La riforma costituzionale «sarà in aula alla Camera entro il 2014 e non ci limiteremo semplicemente a ratificare il testo uscito dal Senato, ma cercheremo di migliorarlo». Lo ha annunciato il presidente della Prima commissione della Camera Francesco Paolo Sisto (Forza Italia) durante un convegno all’Istituto Sturzo. Svaniscono così le speranze del governo Renzi di vedere approvata la riforma in seconda lettura entro la fine dell’anno e, una volta completati i quattro passaggi richiesti dalla Costituzione, di sottoporla poi a referendum confermativo entro il 2015.
Cinquanta audizioni. Il ritardo rispetto alle aspettative della stessa presidente Laura Boldrini è dovuto alle oltre cinquanta audizioni di giuristi ed altri esperti decise dalla commissione presieduta da Sisto, che durante il dibattito ha ripetuto più volte l’appello alla «cautela» e ha sottolineato il suo stretto collegamento con la riforma della legge elettorale e dei regolamenti parlamentari. D’accordo con il calendario tracciato da Sisto anche il relatore di maggioranza Emanuele Fiano (Pd), che però preferirebbe approvare subito la riforma del regolamento della Camera proprio per prevenire eventuali manovre ostruzionistiche da parte delle opposizioni, anche sulla riforma della Costituzione.

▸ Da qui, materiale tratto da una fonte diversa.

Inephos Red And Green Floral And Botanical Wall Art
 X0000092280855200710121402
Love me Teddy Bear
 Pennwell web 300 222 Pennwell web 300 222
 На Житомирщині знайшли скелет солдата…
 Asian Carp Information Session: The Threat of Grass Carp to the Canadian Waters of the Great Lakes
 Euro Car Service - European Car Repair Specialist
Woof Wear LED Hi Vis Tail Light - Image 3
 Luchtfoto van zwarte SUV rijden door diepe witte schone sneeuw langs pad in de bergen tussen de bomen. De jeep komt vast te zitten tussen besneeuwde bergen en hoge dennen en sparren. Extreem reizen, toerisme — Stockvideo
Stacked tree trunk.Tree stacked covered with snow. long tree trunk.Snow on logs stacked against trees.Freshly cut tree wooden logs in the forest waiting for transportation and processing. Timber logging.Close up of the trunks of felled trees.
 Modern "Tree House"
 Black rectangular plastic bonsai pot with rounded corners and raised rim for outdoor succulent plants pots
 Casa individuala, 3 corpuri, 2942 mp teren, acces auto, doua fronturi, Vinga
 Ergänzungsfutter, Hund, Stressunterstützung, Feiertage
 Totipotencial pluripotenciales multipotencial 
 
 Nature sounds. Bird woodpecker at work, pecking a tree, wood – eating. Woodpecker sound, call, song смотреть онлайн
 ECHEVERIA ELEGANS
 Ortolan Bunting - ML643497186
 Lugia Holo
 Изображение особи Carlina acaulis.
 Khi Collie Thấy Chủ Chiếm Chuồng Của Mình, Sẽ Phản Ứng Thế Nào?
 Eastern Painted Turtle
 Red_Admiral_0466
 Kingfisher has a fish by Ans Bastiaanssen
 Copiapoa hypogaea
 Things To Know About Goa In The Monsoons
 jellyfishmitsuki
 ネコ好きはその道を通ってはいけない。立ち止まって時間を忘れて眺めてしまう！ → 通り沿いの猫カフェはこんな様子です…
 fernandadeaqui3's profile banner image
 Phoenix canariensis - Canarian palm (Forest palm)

Quale ruolo per il Senato? Al convegno erano presenti anche l’ex presidente della Corte Costituzionale Ugo De Siervo e i docenti universitari Marco Olivetti e Giovanni Tarli Barbieri, che hanno evidenziato alcune criticità tecniche e politiche sul futuro equilibrio dei poteri tra organi costituzionali: in particolare sul ruolo del Senato, la cui capacità di influire sull’azione legislativa e sulla stessa elezione del Presidente della Repubblica sarà molto diminuita, oltre che sulla ripartizione delle competenze tra Stato e Regioni. Contestata dai giuristi la permanenza, in una futura seconda camera “delle autonomie”, di istituti come i senatori di nomina presidenziale (che si potrebbero spostare a Montecitorio), e del potere di eleggere due giudici della Corte Costituzionale. Durissimo sui futuri senatori eletti “in secondo grado” il presidente Sisto, secondo cui i Consigli regionali li sceglieranno «tra i consiglieri semplici, quelli che non otterranno gli assessorati». Intervistato al termine del convegno da Lumsanews, il co-relatore Fiano si è detto invece convinto che le cose andranno diversamente e che ogni Consiglio regionale svilupperà un modo autonomo di eleggere la propria rappresentanza nel Parlamento nazionale.